%%

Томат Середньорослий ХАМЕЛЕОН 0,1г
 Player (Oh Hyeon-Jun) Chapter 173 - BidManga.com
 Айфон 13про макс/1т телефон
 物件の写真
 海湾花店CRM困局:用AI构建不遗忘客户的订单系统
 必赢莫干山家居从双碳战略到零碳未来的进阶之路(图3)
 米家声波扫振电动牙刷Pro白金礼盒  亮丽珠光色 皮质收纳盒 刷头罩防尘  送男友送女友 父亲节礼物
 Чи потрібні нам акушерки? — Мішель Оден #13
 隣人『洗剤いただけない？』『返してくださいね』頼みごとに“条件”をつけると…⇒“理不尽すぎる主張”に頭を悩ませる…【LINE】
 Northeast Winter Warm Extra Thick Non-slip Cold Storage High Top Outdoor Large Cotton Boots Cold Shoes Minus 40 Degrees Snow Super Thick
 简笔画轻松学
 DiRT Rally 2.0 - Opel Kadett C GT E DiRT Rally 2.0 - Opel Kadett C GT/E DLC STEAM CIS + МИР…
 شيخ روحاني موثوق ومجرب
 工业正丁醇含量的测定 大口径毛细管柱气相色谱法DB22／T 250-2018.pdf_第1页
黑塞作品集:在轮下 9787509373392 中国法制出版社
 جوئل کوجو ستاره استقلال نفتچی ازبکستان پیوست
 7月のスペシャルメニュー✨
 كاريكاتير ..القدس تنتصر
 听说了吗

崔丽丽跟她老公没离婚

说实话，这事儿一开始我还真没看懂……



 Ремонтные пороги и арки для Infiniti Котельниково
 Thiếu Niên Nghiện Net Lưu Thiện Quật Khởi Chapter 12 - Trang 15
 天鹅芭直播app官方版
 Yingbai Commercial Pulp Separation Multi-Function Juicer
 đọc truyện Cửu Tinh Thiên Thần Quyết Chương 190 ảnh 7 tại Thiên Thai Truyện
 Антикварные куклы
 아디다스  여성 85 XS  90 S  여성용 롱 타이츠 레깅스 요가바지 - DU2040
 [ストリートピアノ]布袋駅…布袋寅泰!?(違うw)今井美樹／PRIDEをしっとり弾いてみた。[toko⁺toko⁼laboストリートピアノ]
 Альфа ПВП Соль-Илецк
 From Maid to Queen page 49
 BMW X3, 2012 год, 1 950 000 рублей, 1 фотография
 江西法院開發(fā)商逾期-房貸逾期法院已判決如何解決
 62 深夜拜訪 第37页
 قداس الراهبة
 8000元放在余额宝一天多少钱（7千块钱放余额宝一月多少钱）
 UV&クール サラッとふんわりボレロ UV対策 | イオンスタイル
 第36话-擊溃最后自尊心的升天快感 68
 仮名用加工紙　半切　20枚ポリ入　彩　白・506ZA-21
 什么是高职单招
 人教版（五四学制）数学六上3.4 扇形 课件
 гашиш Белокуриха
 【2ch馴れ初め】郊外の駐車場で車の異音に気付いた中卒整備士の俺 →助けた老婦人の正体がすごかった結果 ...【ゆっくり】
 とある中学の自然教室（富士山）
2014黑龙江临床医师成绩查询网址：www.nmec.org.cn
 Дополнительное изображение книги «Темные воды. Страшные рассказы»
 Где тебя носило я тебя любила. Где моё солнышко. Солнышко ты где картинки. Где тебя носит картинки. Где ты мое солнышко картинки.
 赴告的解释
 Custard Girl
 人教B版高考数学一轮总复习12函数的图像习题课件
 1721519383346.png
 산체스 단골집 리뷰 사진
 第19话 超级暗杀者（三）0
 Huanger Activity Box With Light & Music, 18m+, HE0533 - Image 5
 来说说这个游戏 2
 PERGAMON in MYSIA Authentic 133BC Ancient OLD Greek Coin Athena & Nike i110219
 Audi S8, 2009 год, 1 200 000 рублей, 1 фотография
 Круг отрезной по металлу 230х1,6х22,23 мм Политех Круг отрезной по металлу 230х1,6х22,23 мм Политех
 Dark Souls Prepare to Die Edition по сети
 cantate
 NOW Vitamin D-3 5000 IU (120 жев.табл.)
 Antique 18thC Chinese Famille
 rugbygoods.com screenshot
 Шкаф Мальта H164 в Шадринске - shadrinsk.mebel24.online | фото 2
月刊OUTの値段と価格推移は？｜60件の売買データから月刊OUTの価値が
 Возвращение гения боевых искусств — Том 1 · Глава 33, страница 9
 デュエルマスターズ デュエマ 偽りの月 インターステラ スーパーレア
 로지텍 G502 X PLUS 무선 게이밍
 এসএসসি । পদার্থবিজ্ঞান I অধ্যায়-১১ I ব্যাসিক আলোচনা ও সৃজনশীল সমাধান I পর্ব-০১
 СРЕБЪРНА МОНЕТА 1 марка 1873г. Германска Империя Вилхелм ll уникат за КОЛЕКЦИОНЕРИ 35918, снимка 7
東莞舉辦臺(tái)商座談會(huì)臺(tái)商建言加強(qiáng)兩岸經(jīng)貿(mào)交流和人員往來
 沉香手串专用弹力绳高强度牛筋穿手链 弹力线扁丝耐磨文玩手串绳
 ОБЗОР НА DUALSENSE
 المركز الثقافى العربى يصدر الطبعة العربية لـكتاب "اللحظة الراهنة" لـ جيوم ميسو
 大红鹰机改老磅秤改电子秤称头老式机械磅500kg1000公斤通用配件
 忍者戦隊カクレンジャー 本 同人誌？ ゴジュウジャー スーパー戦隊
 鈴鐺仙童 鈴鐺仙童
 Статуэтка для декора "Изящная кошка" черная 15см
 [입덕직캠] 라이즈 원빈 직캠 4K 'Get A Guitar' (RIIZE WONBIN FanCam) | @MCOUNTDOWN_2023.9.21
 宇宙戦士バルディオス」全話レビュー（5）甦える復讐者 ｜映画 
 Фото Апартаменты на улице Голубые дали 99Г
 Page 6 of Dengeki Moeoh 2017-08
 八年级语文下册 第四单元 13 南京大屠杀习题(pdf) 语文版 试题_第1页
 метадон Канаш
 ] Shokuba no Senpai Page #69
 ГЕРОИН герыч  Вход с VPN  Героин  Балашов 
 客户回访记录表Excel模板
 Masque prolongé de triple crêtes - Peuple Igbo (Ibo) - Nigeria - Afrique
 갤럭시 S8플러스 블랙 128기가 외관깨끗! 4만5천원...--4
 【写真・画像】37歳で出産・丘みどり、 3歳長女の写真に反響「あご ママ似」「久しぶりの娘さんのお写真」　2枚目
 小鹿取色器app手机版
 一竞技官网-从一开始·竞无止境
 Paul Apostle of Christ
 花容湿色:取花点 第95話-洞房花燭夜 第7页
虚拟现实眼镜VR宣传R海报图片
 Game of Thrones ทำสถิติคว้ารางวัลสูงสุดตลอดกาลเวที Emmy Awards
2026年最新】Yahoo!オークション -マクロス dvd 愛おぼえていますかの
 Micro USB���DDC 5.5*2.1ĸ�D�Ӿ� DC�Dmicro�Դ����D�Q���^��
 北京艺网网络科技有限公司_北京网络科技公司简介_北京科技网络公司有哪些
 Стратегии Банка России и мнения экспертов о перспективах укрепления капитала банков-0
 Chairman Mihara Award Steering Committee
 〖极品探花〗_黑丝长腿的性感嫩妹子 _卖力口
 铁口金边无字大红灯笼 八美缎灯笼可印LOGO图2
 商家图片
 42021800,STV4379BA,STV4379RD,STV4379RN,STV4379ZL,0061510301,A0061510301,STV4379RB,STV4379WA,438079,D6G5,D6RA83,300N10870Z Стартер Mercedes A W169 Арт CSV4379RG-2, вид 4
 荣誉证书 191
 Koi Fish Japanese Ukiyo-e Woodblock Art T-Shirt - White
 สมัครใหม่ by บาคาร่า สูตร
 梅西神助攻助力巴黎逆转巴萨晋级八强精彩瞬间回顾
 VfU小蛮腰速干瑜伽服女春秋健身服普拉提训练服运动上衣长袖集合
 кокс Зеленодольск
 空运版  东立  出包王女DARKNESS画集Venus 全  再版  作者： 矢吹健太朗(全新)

%%

From the entries above, restate word for word the lines from the line containing "Yingbai Commercial Pulp" to the line containing "とある中学の自然教室（富士山）", both ends included, and nothing more.

▶ **ANSWER FOR THE TASK**:
 Yingbai Commercial Pulp Separation Multi-Function Juicer
 đọc truyện Cửu Tinh Thiên Thần Quyết Chương 190 ảnh 7 tại Thiên Thai Truyện
 Антикварные куклы
 아디다스  여성 85 XS  90 S  여성용 롱 타이츠 레깅스 요가바지 - DU2040
 [ストリートピアノ]布袋駅…布袋寅泰!?(違うw)今井美樹／PRIDEをしっとり弾いてみた。[toko⁺toko⁼laboストリートピアノ]
 Альфа ПВП Соль-Илецк
 From Maid to Queen page 49
 BMW X3, 2012 год, 1 950 000 рублей, 1 фотография
 江西法院開發(fā)商逾期-房貸逾期法院已判決如何解決
 62 深夜拜訪 第37页
 قداس الراهبة
 8000元放在余额宝一天多少钱（7千块钱放余额宝一月多少钱）
 UV&クール サラッとふんわりボレロ UV対策 | イオンスタイル
 第36话-擊溃最后自尊心的升天快感 68
 仮名用加工紙　半切　20枚ポリ入　彩　白・506ZA-21
 什么是高职单招
 人教版（五四学制）数学六上3.4 扇形 课件
 гашиш Белокуриха
 【2ch馴れ初め】郊外の駐車場で車の異音に気付いた中卒整備士の俺 →助けた老婦人の正体がすごかった結果 ...【ゆっくり】
 とある中学の自然教室（富士山）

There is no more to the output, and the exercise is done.